I say for the most part because our omelettes didn’t really work out as planned either. They were kind of my responsibility, so take that as you will. Our frying pans were terrible and everything just stuck right to them, no matter what we used, and so our omelettes turned into a scrambled egg mess, with great fried potatoes on the side. I didn’t take a picture of our main course for posting. You can figure out why. In my defence though, they tasted good.
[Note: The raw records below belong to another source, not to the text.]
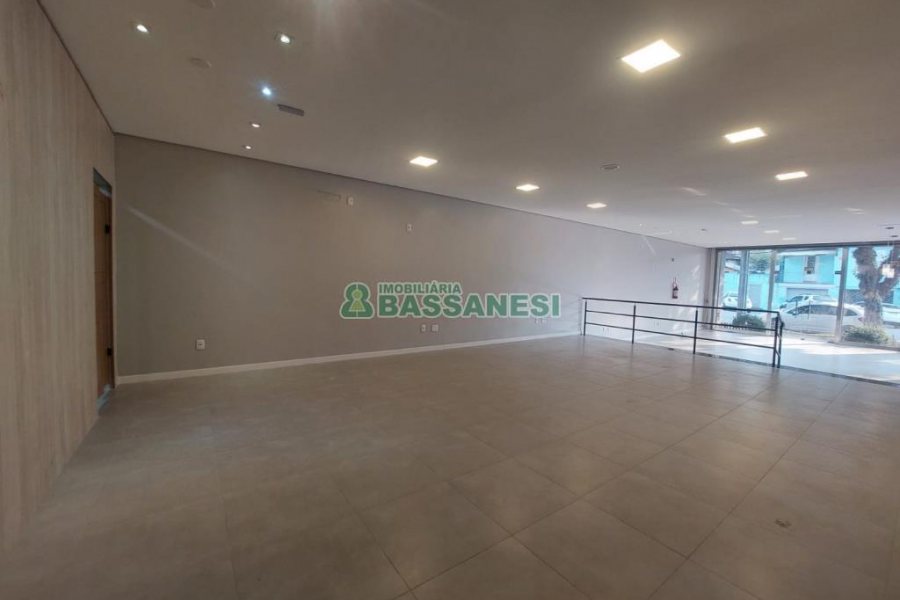 Loja com 130m², no bairro Centro em Caxias do Sul para Alugar
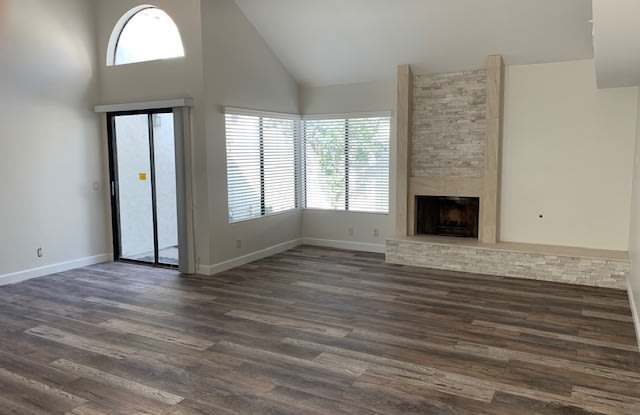 4662 VILLAS PLACE Gallery 2
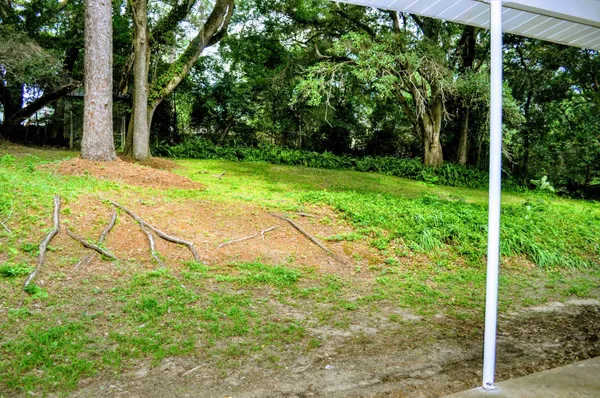 $1,200 | 2301 Dozier Drive, Tallahassee, FL 32301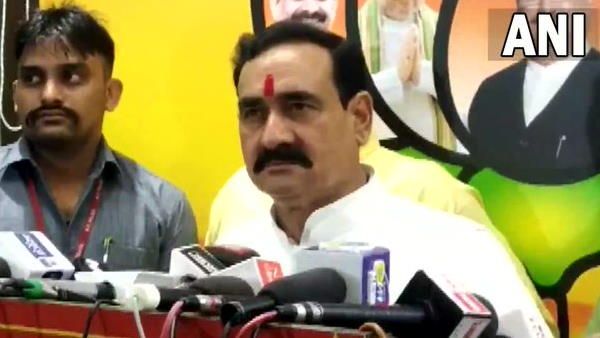 आश्रम के सेट पर बजरंग दल की तोड़फोड़, एमपी के गृहमंत्री बोले- निर्माता प्रकाश झा ही गलत कर रहे हैं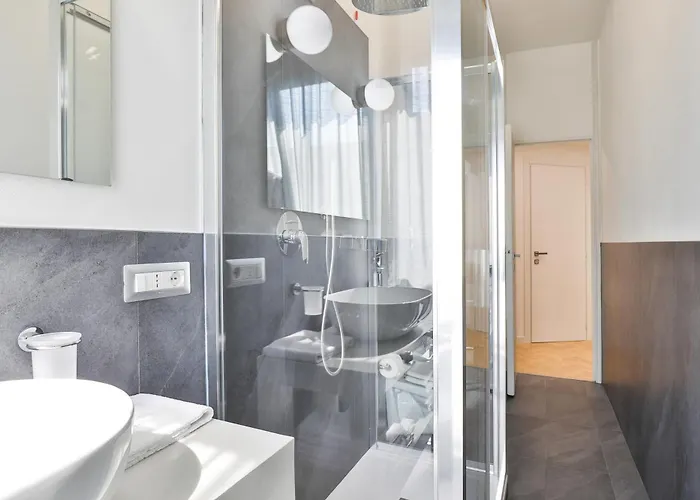 Como Lake Suites *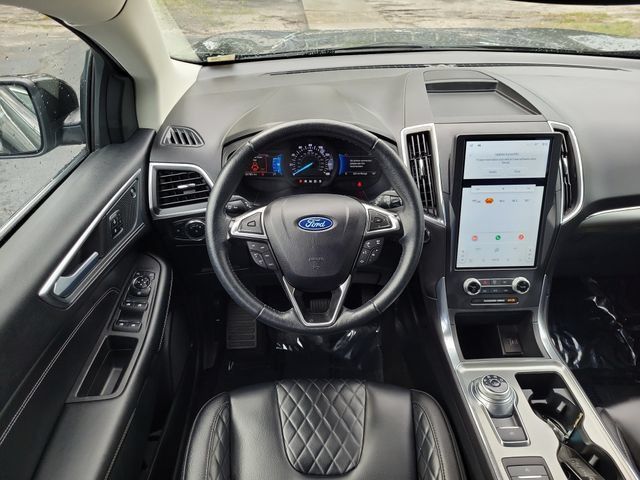 Used 2024 Ford Edge Titanium AWD/4WD image 11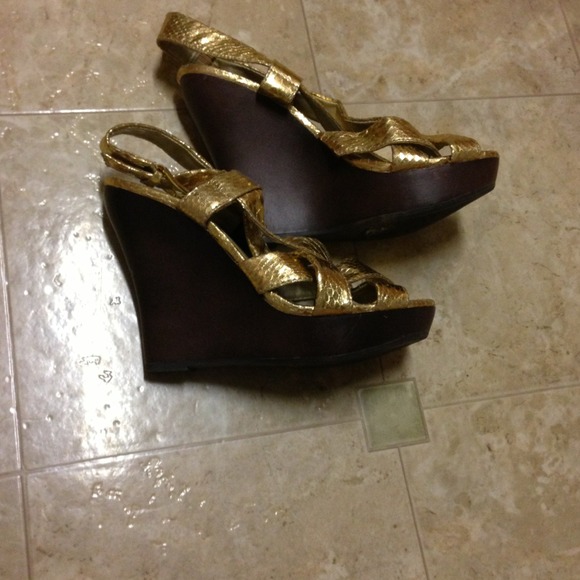 Gold wedge size 6 - Picture 2 of 4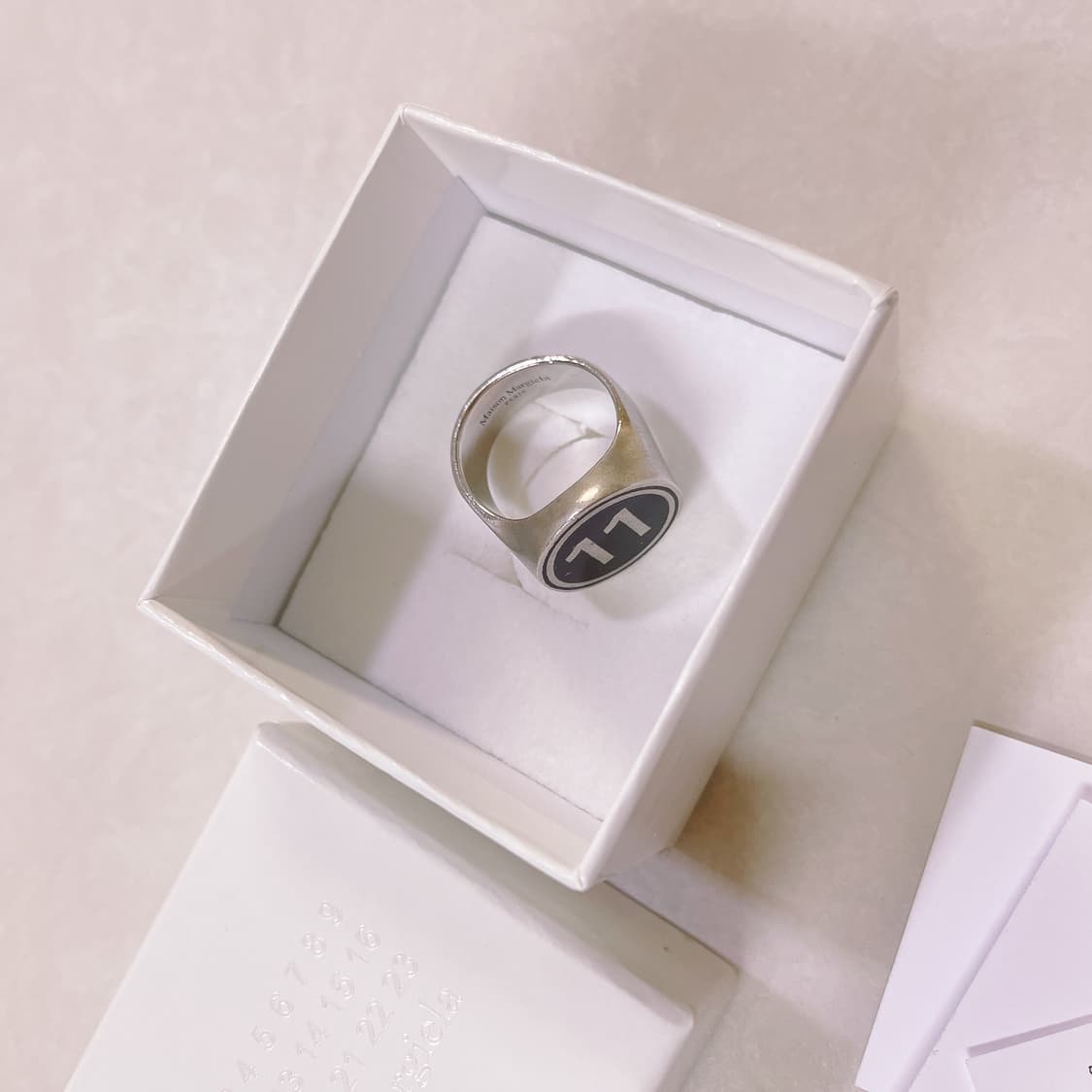 마르지엘라 은반지  상품이미지3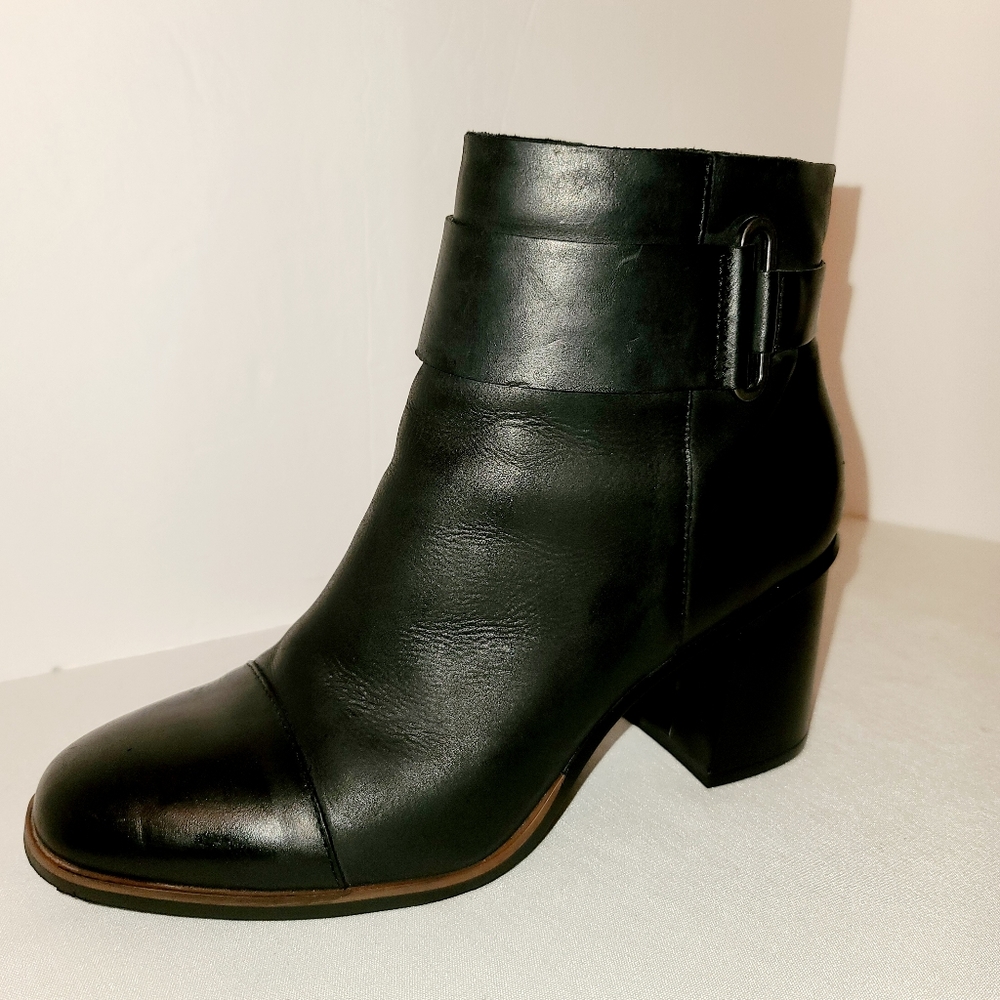 Korks by korks chunky heel leather black boots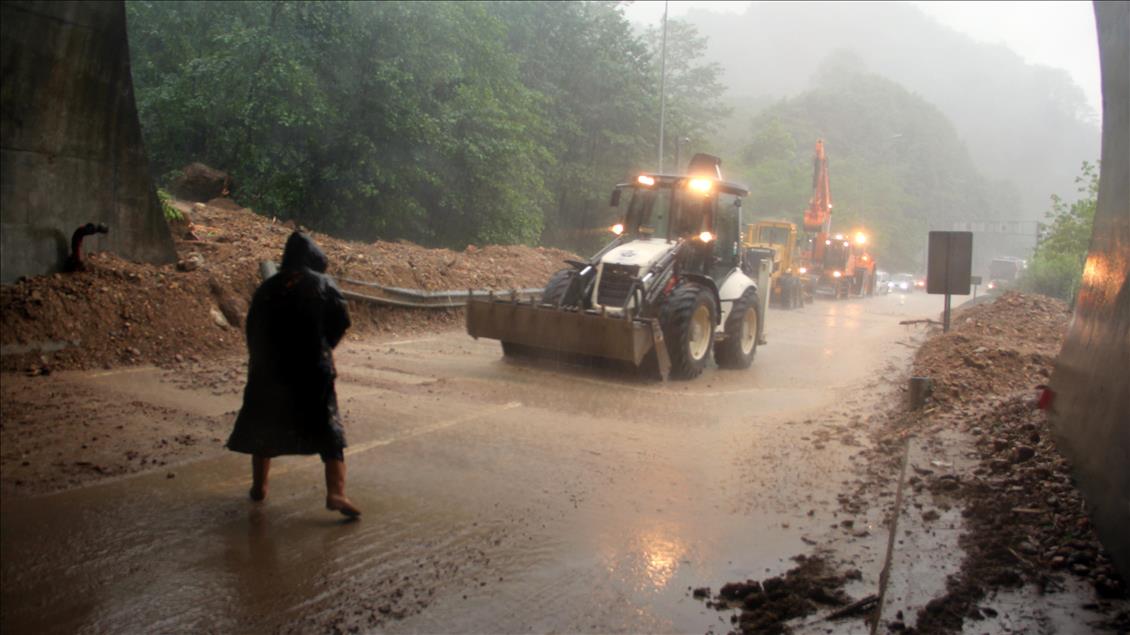 Giresun'da sağanak sahil yolunu kapattı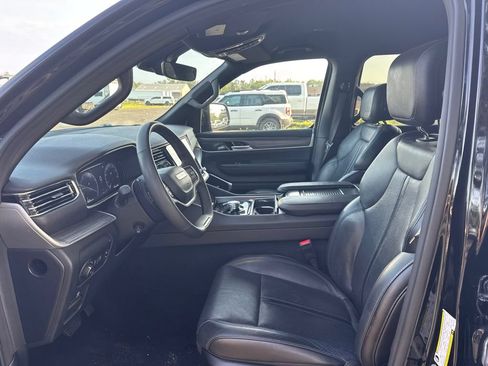 Used 2024 Jeep Wagoneer L Series II w/ Flexible Seating Group RWD image 9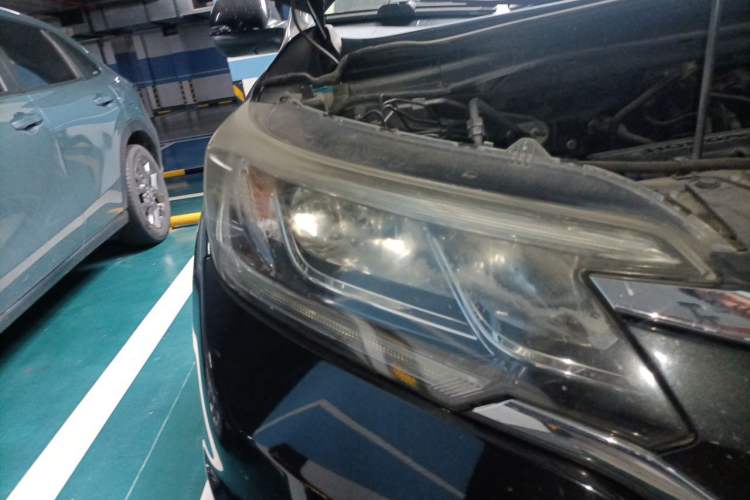 Used Honda CR-V 2015 2.0L two-wheel drive Fashion Edition Right Front Headlight
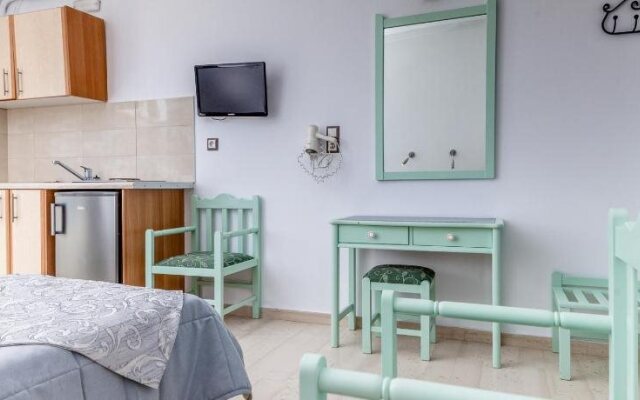 Avraki Rooms & Studios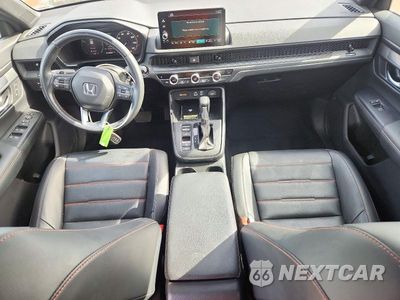 Zdjęcie 8 z 13 samochodu: 2025 HONDA CR-V SPORT-L VIN:5J6RS6H83SL000343 - miniatura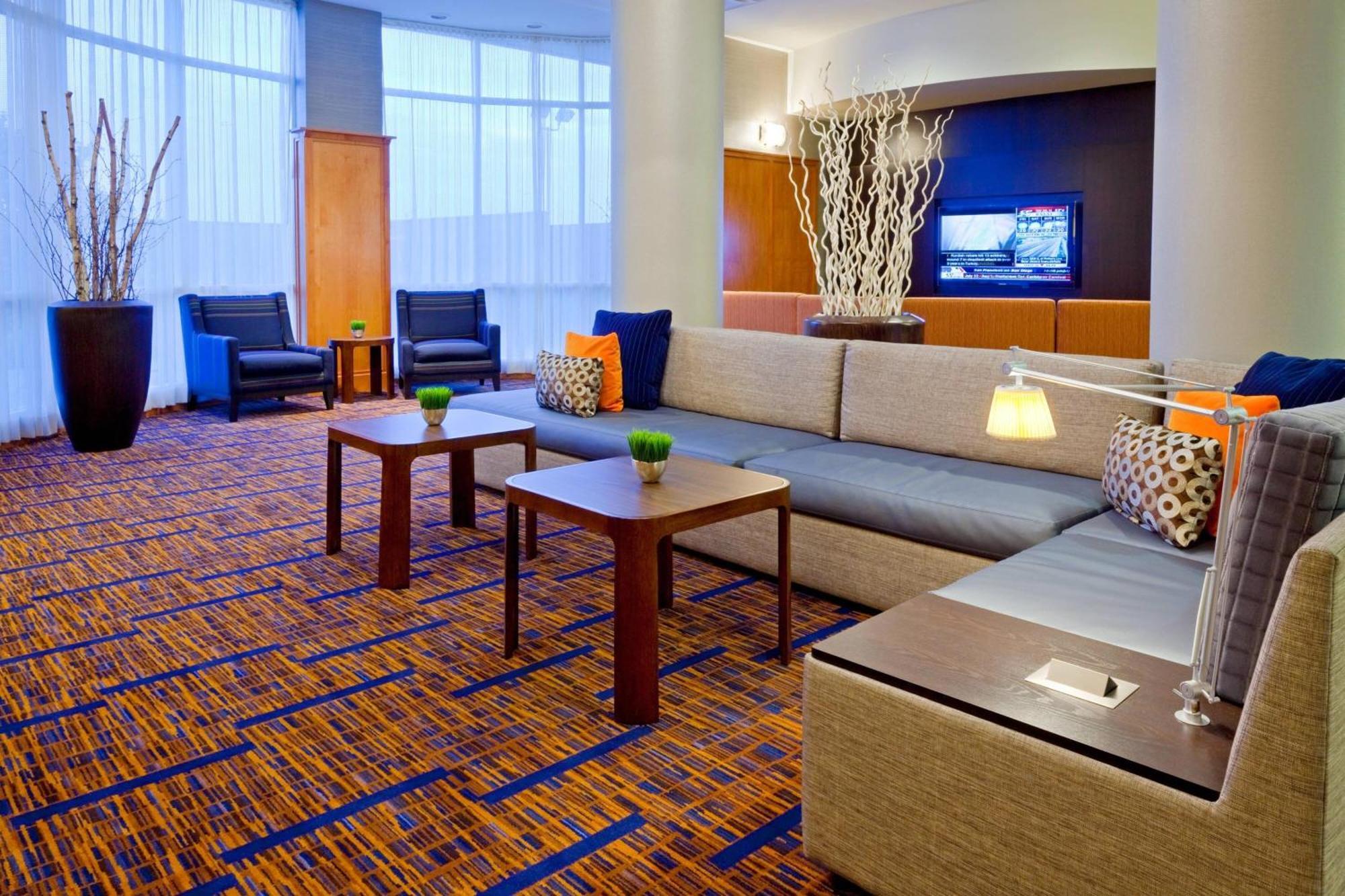 Courtyard By Marriott Toronto Маркем Экстерьер фото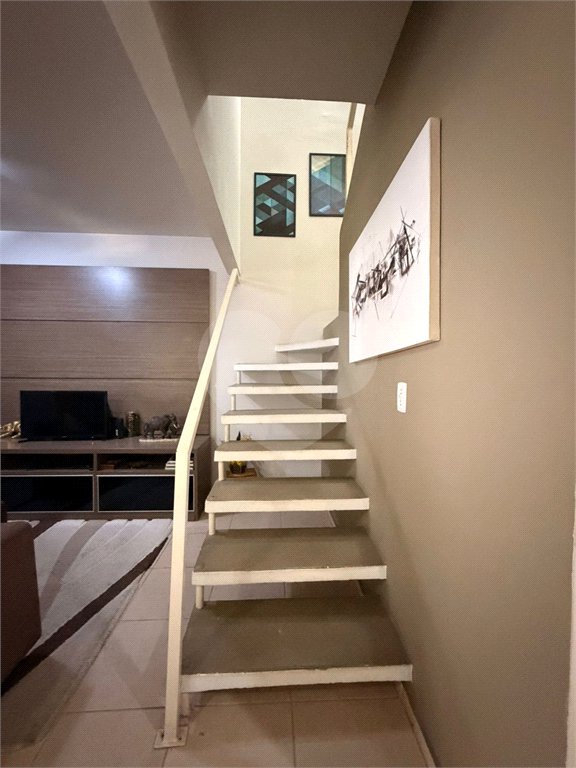 Casa à venda com 3 quartos, sendo 1 suíte, no condomínio Village Sarriá, Sorocaba - SP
After the food challenge was done for the night, we had a team meeting. I talked a little bit about social media and how it can affect the players and the organization and how everything on the Internet lives there forever, no matter your privacy settings or what you think you’ve deleted, and on and on. As a team, we came up with a social media policy to use going forward. It was actually tougher than you would think, trying to figure out the dos and don’ts specifically, plus trying to use blanket statements for posts and the like.
We also voted on a winner for Iron Chef WNT, which made almost no sense at all because everyone had different food and no one tasted everything. Our room didn’t get high praise for ambience, with the smokiness filtering through each and every course, and our omelettes were a little bit of a laughing stock, but I thought we did well. Penny may not have seen it the same way but I felt like our team put a strong effort forward.
When we were done, I finished my laundry – our hotel was awesome and had free washers and dryers right in our rooms, if I hadn’t mentioned that before – packed everything up to be ready go to Japan, plugged all of my devices into the wall to charge before leaving, and got some work done before heading to bed.
Less than 24 hours before landing in Japan (!), and then also moving into a time zone 16 hours ahead, so that’s a little convoluted. I’m sure you get it.